Technical Debt and its Impact on DevOps

“DevOps and technical debt? But isn’t DevOps the cure for technical debt?”

Well, yes and no, but largely no. It’s important to understand the ways in which DevOps is not the cure for technical debt — and particularly the ways in which DevOps may produce its own, characteristic forms of technical debt.

First, a very quick refresher: In software development, technical debt is code that is substandard (in design, execution, or both), and which may cause problems in development, debugging, or operation. It may not be buggy (and often isn’t), but it’s poor design and/or execution makes it more likely that it will eventually result in some bugs.
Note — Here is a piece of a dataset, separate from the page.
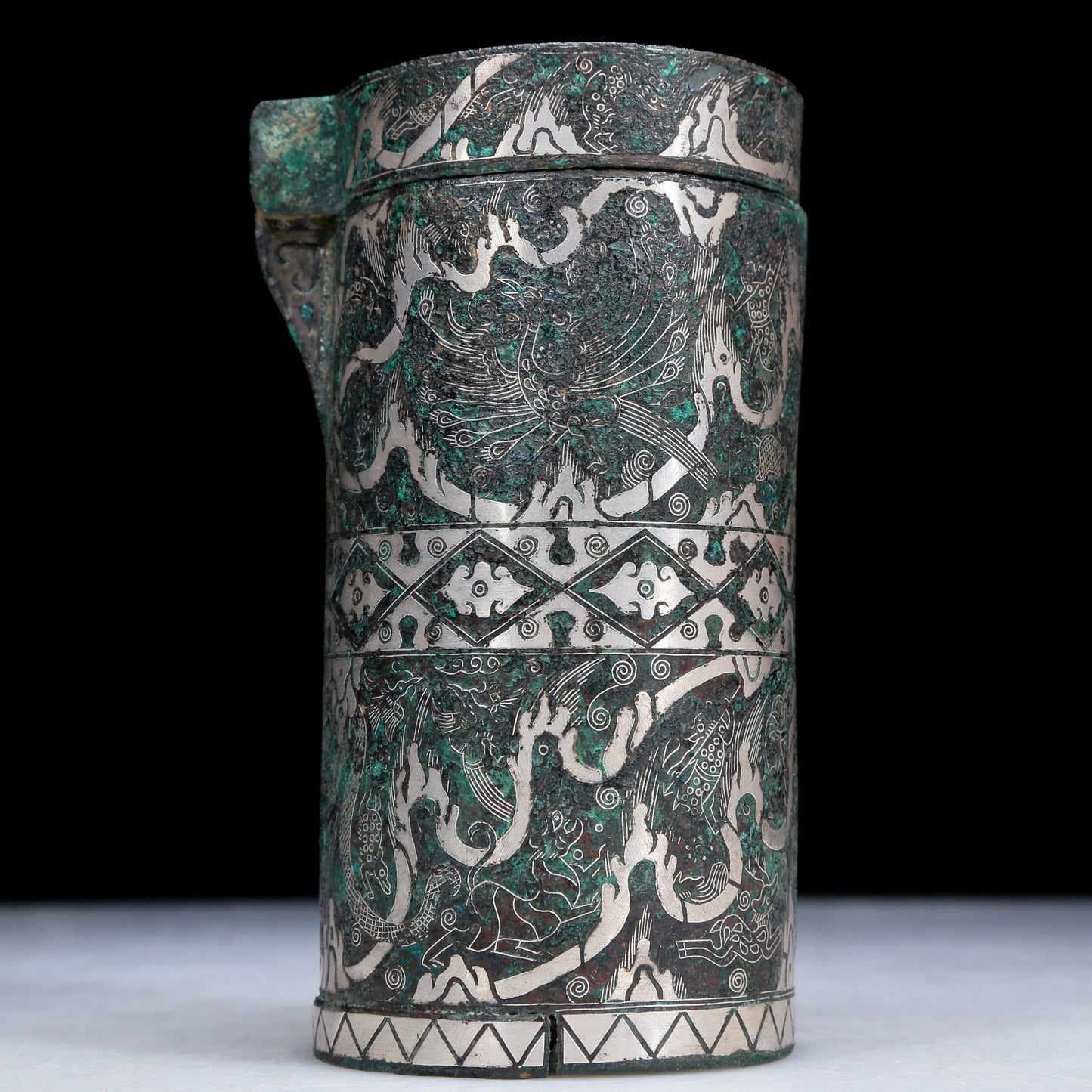 An Archaic Bronze Silver-Inlaid 'Auspicious Beast' Jar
More than anything, it can increase the time, effort, and cost of development and release.

Technical Debt Devops Sumo LogicIt’s important to note that technical debt usually isn’t just a case of bad coding by bad programmers. Very often, it represents a tradeoff: a quick-and-dirty implementation of a new feature or bug fix in order to deliver the new release on time. If delivery on time sells enough software, the eventual cost of the quick-and-dirty code may be worth it. But there will be an eventual cost, and that cost is technical debt.

DevOps (in the context of CI and CD) is often pitched as the solution to the technical debt problem, and to some degree, that claim is accurate. Manual release and manual testing lend themselves far too easily to technical-debt workarounds: servers and test machines with one-of-a-kind, handcrafted environment settings, politely ignoring (or turning off) error messages, and special handling of special cases. The process of automating these tasks forces the DevOps implementation team to confront such workarounds, with a choice between incorporating them (and the technical debt that they represent) into the new, automated system, or eliminating them, along with the underlying debt.

But what about technical debt that doesn’t actually interact with the DevOps pipeline, or that only affects developers, without any real impact on QA, deployment, or operations? A self-encapsulated blob of bad code could run through the entire pipeline without even being noticed — but it could still cause problems whenever a developer has to deal with it.

The truth is that there isn’t any development methodology that can completely eliminate technical debt, if only because the causes of such debt often lie outside of the scope of such methodologies. If it is more cost-efficient based on market conditions for a software company to include third-rate-code in a new release, then it will ship third-rate-code, no matter what development methodology it uses. That methodology may play a role in determining whether the code is refactored sooner, or later, or not at all, but even then, if the cost of refactoring is greater than the cost of the technical debt, the inferior code may remain in place.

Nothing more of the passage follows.